Something that comes to mind: A name game that I played with Shana (I forget the name of it) where we form 2 circles and basically call out a person's name as you point to them. Try to go faster & faster. Inevitably you will take a chance and fuck up. Then you proudly bow out as people applaud you and join the other circle assuming a super hero pose while saying "i messed up!" and join that circle.
I thought that game was the perfect name game/introduction to improv.
The explanation provides itself to the player. It's like "duh! so THIS is what improv is all about.

bippity bippity bop comes immediately to mind.

Sweetness Prevails.
-the Reverend
-the Reverend
(I'm a serial post editor, Jordan! I still worry about "getting it right!)
Absolutely! Related note: I love Asaf's 101. I took it even while in 301 because the exercises sort of barrage you and instantly make you feel like a super herro. Just one awesome thing after the next with no hesitation (this was my experience anyways).

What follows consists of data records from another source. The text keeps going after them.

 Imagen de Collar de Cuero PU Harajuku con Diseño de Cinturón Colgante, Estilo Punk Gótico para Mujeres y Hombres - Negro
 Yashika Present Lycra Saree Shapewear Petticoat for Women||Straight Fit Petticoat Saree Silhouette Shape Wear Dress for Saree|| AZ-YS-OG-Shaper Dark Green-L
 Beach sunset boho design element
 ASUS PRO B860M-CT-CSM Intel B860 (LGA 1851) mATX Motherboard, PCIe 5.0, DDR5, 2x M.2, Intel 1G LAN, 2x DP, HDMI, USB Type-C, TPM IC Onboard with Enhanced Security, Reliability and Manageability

After class I remember standing around outside with fellow students:
Me: Man we did this game and this game... man what else did we do?"

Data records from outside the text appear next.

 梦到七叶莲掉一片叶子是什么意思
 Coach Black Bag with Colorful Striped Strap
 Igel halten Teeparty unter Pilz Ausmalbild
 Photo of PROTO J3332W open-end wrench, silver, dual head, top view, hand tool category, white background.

Student: I forget. We did so much.
Me: Oh! We did *this game* too!
Student: Oh yeah, that was awesome. Well see you next week!
It really seemed to minimize the amount of beating yourself up. You just come out of class with energy and feeling. Not really dwelling on the rules of various games or your performance (adherence to rules, whether or not it was funny, whatever). I definitely love a good barrage.
Absolutely! Related note: I love Asaf's 101. I took it even while in 301 because the exercises sort of barrage you and instantly make you feel like a super herro. Just one awesome thing after the next with no hesitation (this was my experience anyways).
After class I remember standing around outside with fellow students:
Me: Man we did this game and this game... man what else did we do?"
Student: I forget. We did so much.
Me: Oh! We did *this game* too!
Student: Oh yeah, that was awesome. Well see you next week!
It really seemed to minimize the amount of beating yourself up. You just come out of class with energy and feeling. Not really dwelling on the rules of various games or your performance (adherence to rules, whether or not it was funny, whatever). I definitely love a good barrage.
- jillybee72 Offline
- Posts: 649
- Joined: November 16th, 2009, 1:20 pm
Les McGehee's book has a wonderful Johnstone exercise called "Two Eyes" that teaches yes and, and is performed seated in pairs. Each pair has a piece of paper that already has two dots on it. The dots are eyes, and we work as a team to make a face out of it. You draw one line, then I draw another until it's done, then we name it by alternating writing a letter.
Enemy/Defender works well too. In Enemy/Protector, everyone walks around the room, filling empty space with moving bodies. Everyone, silently and without signaling their choice, thinks of the name of one person in the group. This person is their enemy. They then think of the name of another person in the group. This person is their protector. The leader calls, "Go," and everyone's job is to keep their protector between them and their enemy. In the second round, you keep equal distance between you and your enemy.
Enemy/Defender works well too. In Enemy/Protector, everyone walks around the room, filling empty space with moving bodies. Everyone, silently and without signaling their choice, thinks of the name of one person in the group. This person is their enemy. They then think of the name of another person in the group. This person is their protector. The leader calls, "Go," and everyone's job is to keep their protector between them and their enemy. In the second round, you keep equal distance between you and your enemy.